Jenny Radcliffe: My understanding of this exercise - which we are due to try in Monday, so I'll have more information on Tuesday - is that three players take it in turns to play. Black and white also alternate as usual. Thus supposing hypothetically that you have three players, Edwin, Jenny and Chris.
- Jenny plays black's first move;
- Edwin plays white's first move;
- Chris plays black;
- Jenny plays white;
- Edwin plays black;
- Chris plays white;
- Back to the beginning.
Naturally the purpose is not win or loss, so in a way it is more of an exercise than an actual game. Hopefully it gives a new perspective and feel for the game - but I'll let you know what happens when we've tried it!

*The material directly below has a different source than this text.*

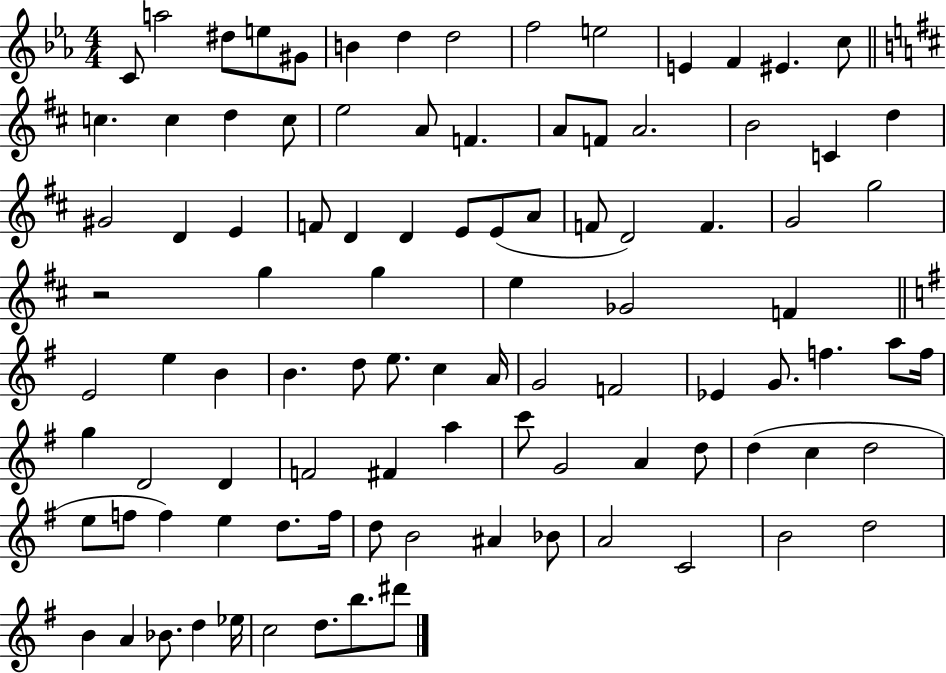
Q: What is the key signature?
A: EES major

I'd be interested to hear from anyone else who's played this - I know I've read about it, but I can't find any references to it online.

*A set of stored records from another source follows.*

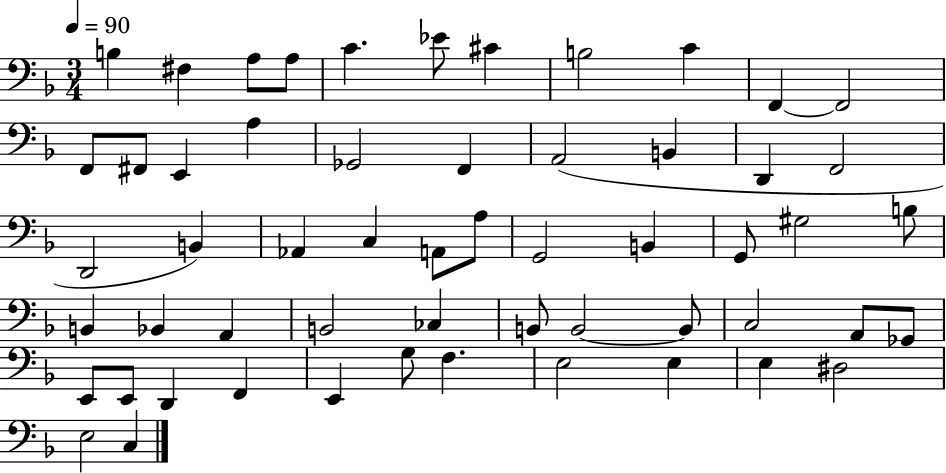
{
  \clef bass
  \numericTimeSignature
  \time 3/4
  \key f \major
  \tempo 4 = 90
  b4 fis4 a8 a8 | c'4. ees'8 cis'4 | b2 c'4 | f,4~~ f,2 | \break f,8 fis,8 e,4 a4 | ges,2 f,4 | a,2( b,4 | d,4 f,2 | \break d,2 b,4) | aes,4 c4 a,8 a8 | g,2 b,4 | g,8 gis2 b8 | \break b,4 bes,4 a,4 | b,2 ces4 | b,8 b,2~~ b,8 | c2 a,8 ges,8 | \break e,8 e,8 d,4 f,4 | e,4 g8 f4. | e2 e4 | e4 dis2 | \break e2 c4 | \bar "|."
}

DragonGoServer has Zen Go implemented (since June 2012) with 3 up to 15 players.
Charles Matthews Sounds like a game of go designed by a committee - maybe in more than one sense. Next, rules for Koango, Quango, NGO ... where will it all end?

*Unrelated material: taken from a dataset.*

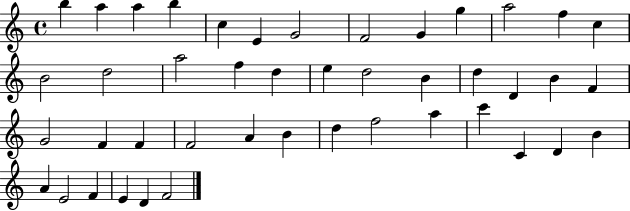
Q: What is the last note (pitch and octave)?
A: F4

Jan: I once played this variant. It was fun for a while, but as the players participating weren't very strong we couldn't build nice shapes - so it became fairly pointless after a while. To counter that, we started keeping track of who had captured the most stones on his (or her) turn. But that had the side-effect of losing the idea of selfless play :-)
So I think maybe you'd better set yourselves some goals (such as always tenuki or something) before embarking on this venture.
Jenny Radcliffe: Well, we've had a chance to try it now, and it was extremely interesting. Very weird, but extremely interesting. Definitely an exercise we'll be repeating, I think - it seriously changes your perspective on the game.
Jenny Radcliffe: Obviously technically you can't get a more even game than this - and yet white lost by resignation. Which says something significant about how inconsistently we were all playing; not just each of us playing our own strategy, but each of us being inconsistent as well.
Jenny Radcliffe: As Jan says, it's difficult to remember which colour you're meant to be playing - I recommend breaking with my usual playing rules and picking up the next stone as soon as you play. It helps you remember what you're doing.
Tas I´ve tried this as well. It was very interesting, and a good excercise. Very wierd first to make plans, and then spoil them yourself.
Phelan: It is a very interesting variant. My only problem with it is that it encourages thinking only of the short term, since you have to play what you think is the current best move for the current color, instead of developing an overall strategy, and following it. That's from my experience, though. Perhaps a higher level player can do better.
Espen Solheim?: In Stavanger we have been using it as a variant for setting up teaching games. Ergo, a tool for learning. This has been working great. Normally we have one weaker and two stronger players playing. Or one weak, one medium and one strong player.
For an example of a different type of three player Go, see: Three Colour Ongoing Game
willemien: was once trying out another variant with 2 weak players and one strong one (as teacher)
Weak Black player
Weak White player
Weak White player
Weak Black player
and so on.
Was quite fun.
For scoring you can make variations were the weak players score normally and the stronger player only gets points for the stones that he captures. (he is not for nothing the stronger player) Or the stronger player is only supporting the other players. (and gets no score)
Sandra: Wow! Thanks a lot for this variant, seems like something to try! We’ve been playing both plain ZenGo and also, maybe more often, a version where there are two strong players alternating moves for one team, vs one weak player who gets the (dubious, in my case) advantage of making all her moves herself. I’ll be sure to try your variant. Sandra: (Later) We haven't really found any variants for an odd amount of players that appealed to our group. Simultaneous was perhaps the most commonly tried variant--one strong player playing two separate games at the same time, on two separate boards vs two separate, weaker opponents.